Poynter’s assistant, Kathy Lu, has an idea that would shake up the system: to allow places with the most resources to train journalists who would then be ready to succeed in smaller markets.
The internship path is set up in the manner of sports franchises. Your local papers are the farm teams, and they nurture the talent – some of which make it to the big leagues.
But this system was put in place when most newsrooms (and I’m talking mainly newspapers) were full of resources – offices that have a team of 20 now had over 100 – and information deserts. did not exist.
This was a system put in place to eventually benefit the large mainstream newsrooms (a colonialist movement), which pay intern salaries to hard-working journalists who already have many summers of experience.
This does not mean that people cannot have the ambition to work in these important reference institutions. It is a question of asking: why is the pipeline unidirectional? Why don’t bigger newsrooms with more resources also help supply talent to smaller ones? Why is there no program to train journalists to be poor quality reporters and writers for local media?

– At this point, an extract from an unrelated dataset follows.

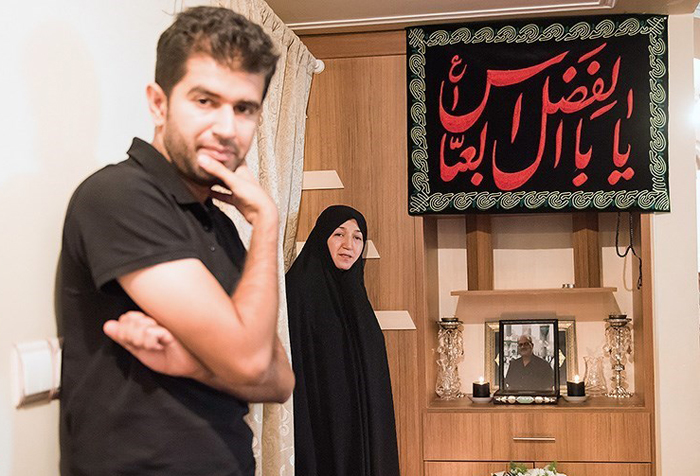 در انتظار پیکر حاجی در انتظار پیکر حاجی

I love the idea of ââreversing the talent pipeline. It puts organizations with the most resources – including an abundance of experienced journalists who can be mentors – able to develop promising young journalists who will thrive on the attention paid to their development during these years. crucial internship weeks.
To develop talent, news agencies must invest in creating fertile ground for emerging journalists to do their best – and make the occasional mistakes. But those mistakes shouldn’t include entering the workforce underpaid and with a mountain of student loans.